WORK ORDER | The line containing "韩国进口正品儿童舞蹈练功服芭蕾裙女孩少儿宝宝演出跳舞蓬蓬纱裙", plus every line that follows it to the end of the listing below, is what you transcribe exactly; omit all pictures.

--------------------------------

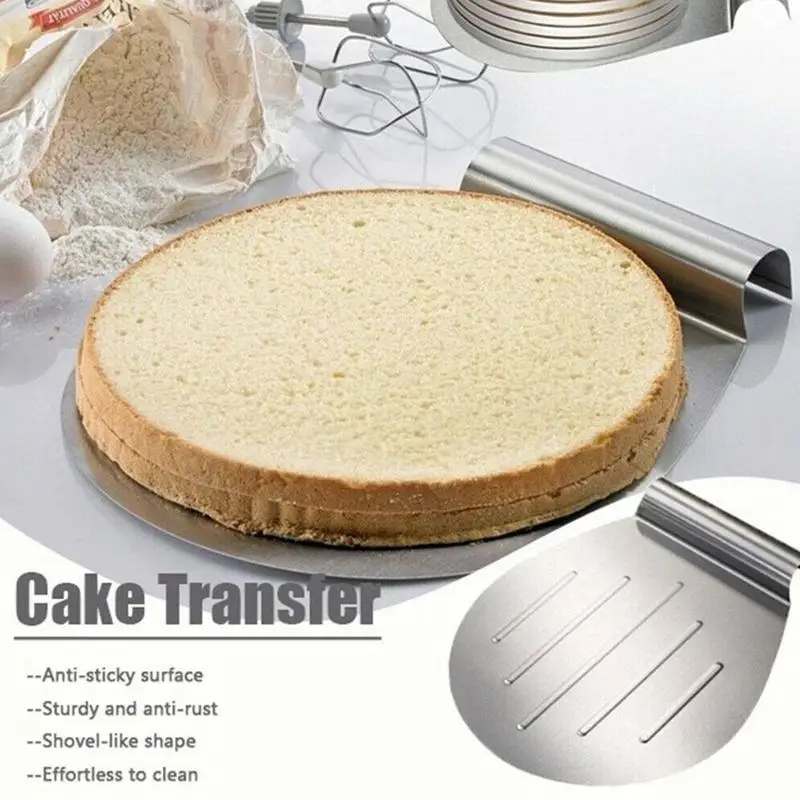 

Stainless Steel Cake Mobile Shovel Transfer Cake Tray Moving Plate Lifter Bread Pizza Blade Baking Dessert Tools Pastry Scraper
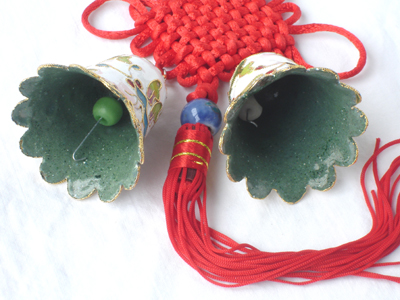 pair of white cloisonne Christmas bells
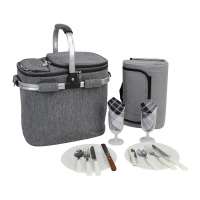 Picnic Basket Set for 2 Insulated Tote Bag Kit Picnic  Basket Bag Tableware Set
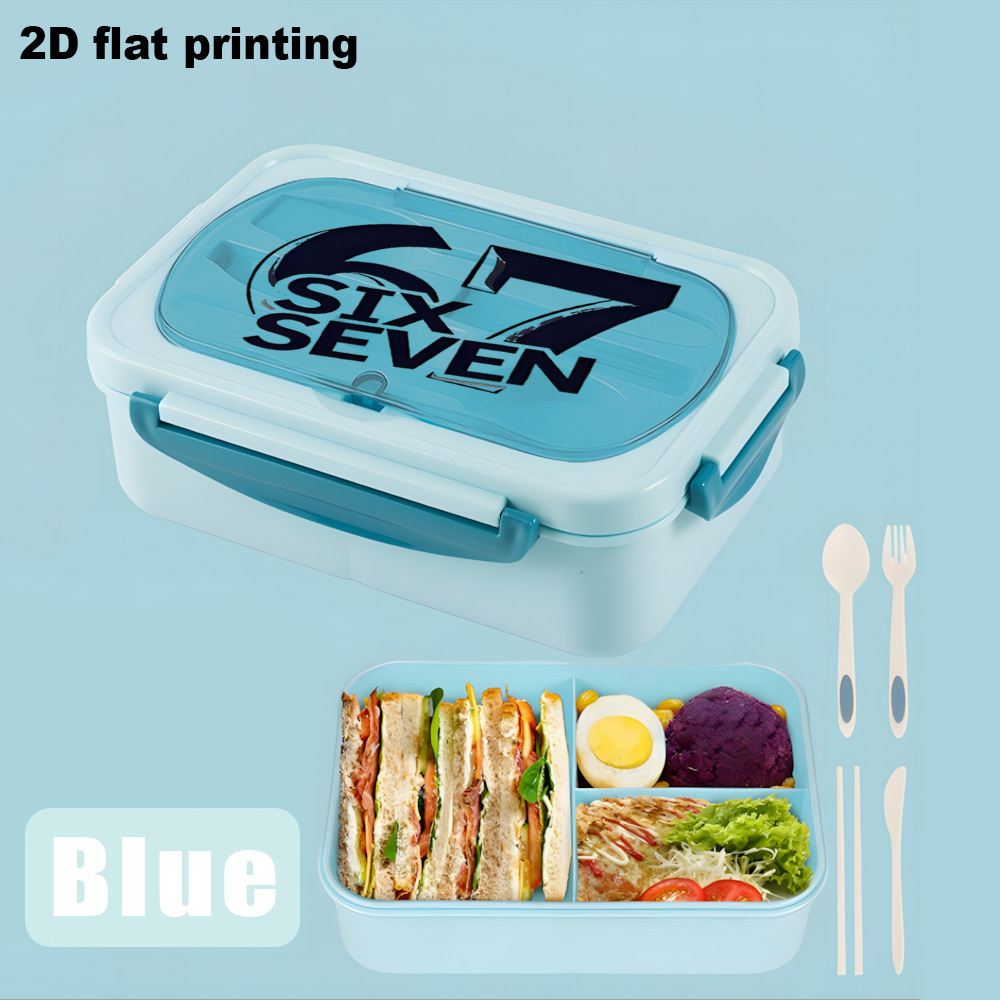 Image of One-piece Portable Bento Box Featuring A Cartoon Design With "67" In A 6 And Graphic, Suitable For Meal Preparation And Reusable For School, Office, Picnics, Camping, Travel, And Daily Storage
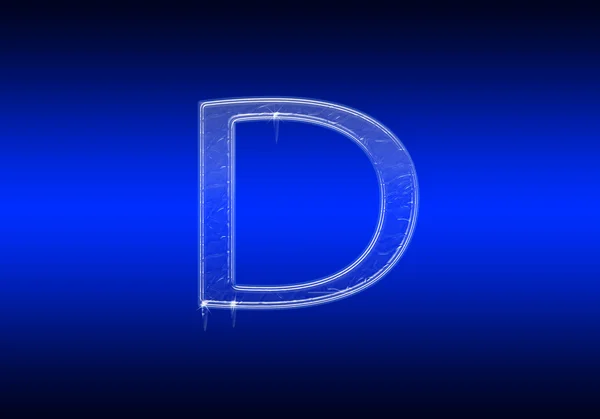 Замороженная буква алфавита, сделанная из стекла на синем фоне — стоковое фото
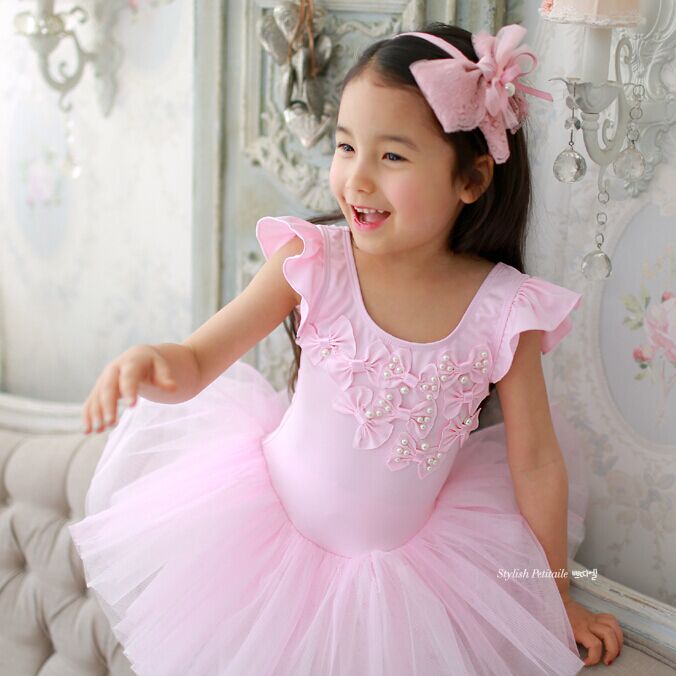 韩国进口正品儿童舞蹈练功服芭蕾裙女孩少儿宝宝演出跳舞蓬蓬纱裙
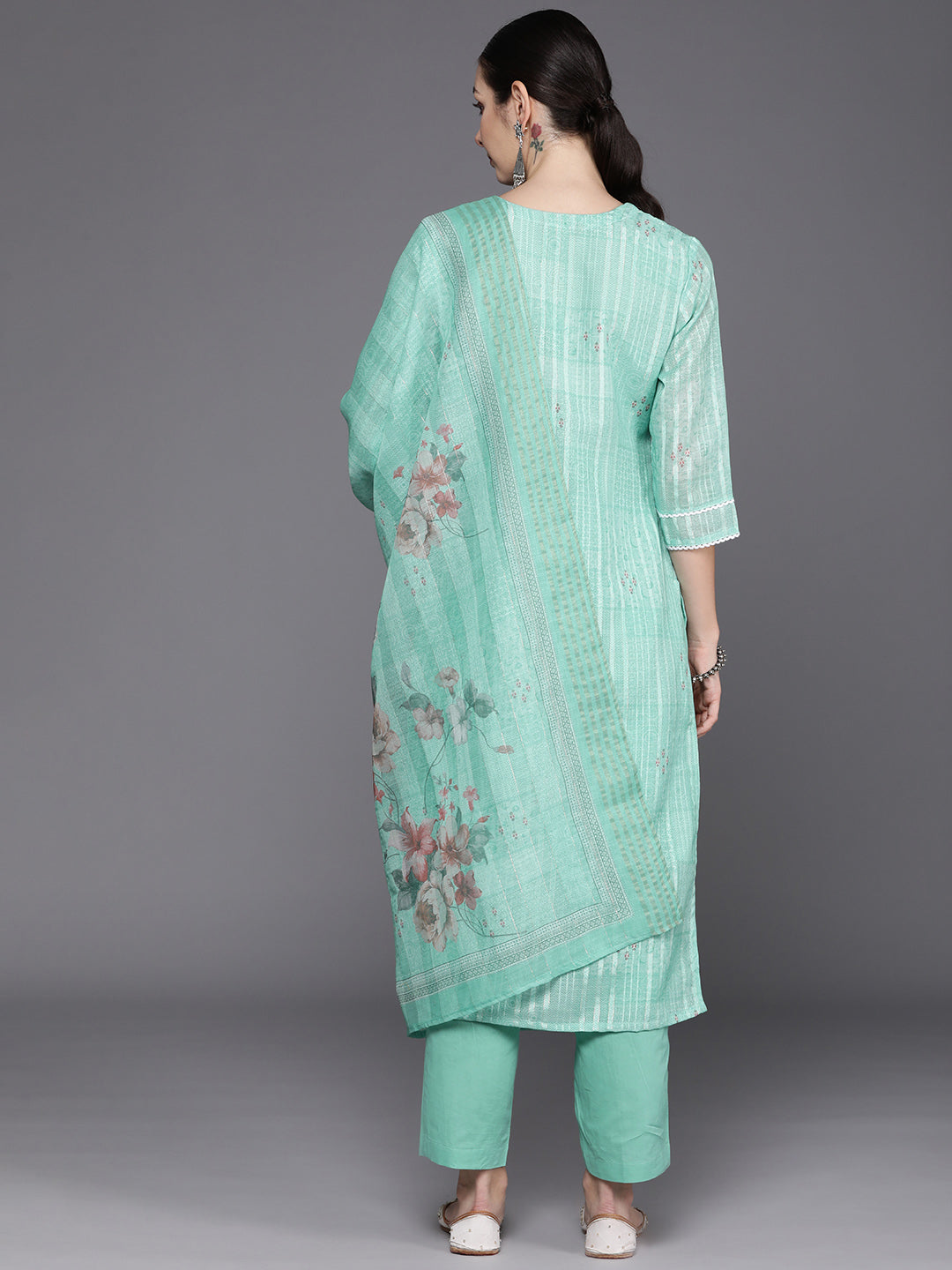 Women's Sea Green Linen Kurta Set - Taantav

--------------------------------

WRITTEN RESPONSE |
 韩国进口正品儿童舞蹈练功服芭蕾裙女孩少儿宝宝演出跳舞蓬蓬纱裙
 Women's Sea Green Linen Kurta Set - Taantav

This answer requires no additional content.